Monday, January 26, 2009

Education

The Church of the Nazarene put an emphasis on education.  I have heard stories of G.S. Chapman demanding a Seminary to train preachers.  SNU was founded in the 1800's...before the denomination itself.

But, we are now petrified of what education has caused.  There are two sides of this:

(1) We are a church that was founded for the poor (ask Phineas Bresee what he was up to...).  We have now become somewhat bourgeois.  Our identity has been compromised through education.

(2) We are finding out that some of our presuppositions are unjustified.
a.  God may or may not have created in 7 literal days.
b.  Holiness may or may not be two altar experiences that lead to ultimate spiritual clarity                  (which sounds a bit like Scientology, no?).
c.  Other.  The list is endless.

So what do we do?  We cry to the authorities.  We threaten to withhold money (which we never used to have anyway).  We consider splitting the church (yeah, because that keeps working out so well...).

This isn't even my point...but, I could go on.

What I am really concerned about is the fact that we insist that Pastors in the church be educated, but we fear what may be learned.  I am teaching a Nazarene Bible College Extension class for my district.  The folks in this class are largely fundamentalist dogmatics.  They are certain of what they believe, but have no grounding for any of it.*

* This is not everyone in the class.  I love much of the class and respect them very much.  They are true students of the Word.

But, we pass them through as though they have a right to ordination.  Education is a means to an end.  We do not expect that they would assent to basic biblical or Nazarene principals.  No, we want to make sure that they attend every class.  If they do that, we will eventually ordain them.

What?  Is this what we really believe?  It has to be, because our actions are what our beliefs are, no matter what is written down in a Manual.  Life-transforming scripture?  Yeah, it "transformed them" ages ago and they are fine now.

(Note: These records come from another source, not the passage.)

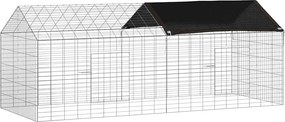 vidaXL Κλουβί Κουνελιού Ασημί 200 x 78 x 78 εκ. Επικαλυμμένος Χάλυβας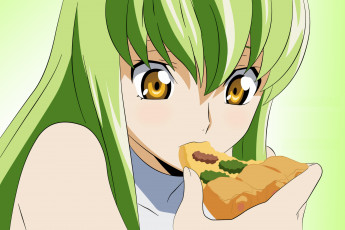 Картинка аниме code+geass девушка пицца код гиасс зелёные волосы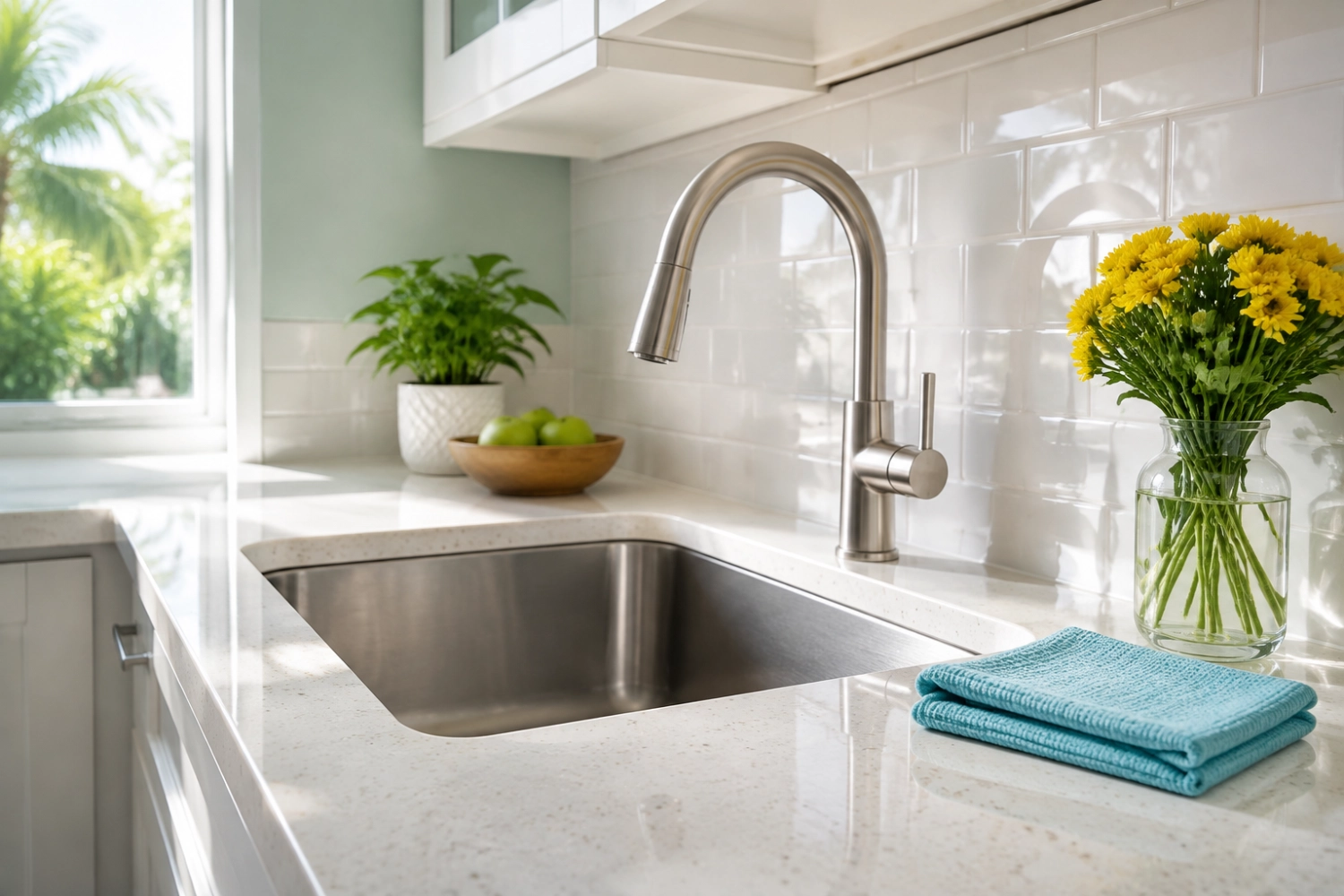 Spotless kitchen sink with polished quartz counter, turquoise cloth, and yellow flowers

I think it is high time that we get serious about Ordination.  The church has a role/reposibility in, for lack of a better word, weeding out people that should not be pastoring.  If people cannot sustain G.P.A.'s that are respectable, if they cannot demonstrate how they are learning about God, if we see sinfull pride in their lives and exegesis the church should declare: you may feel called but the church does not see it. 

Oh, and never trust a person, let alone pastor, that is dead certain.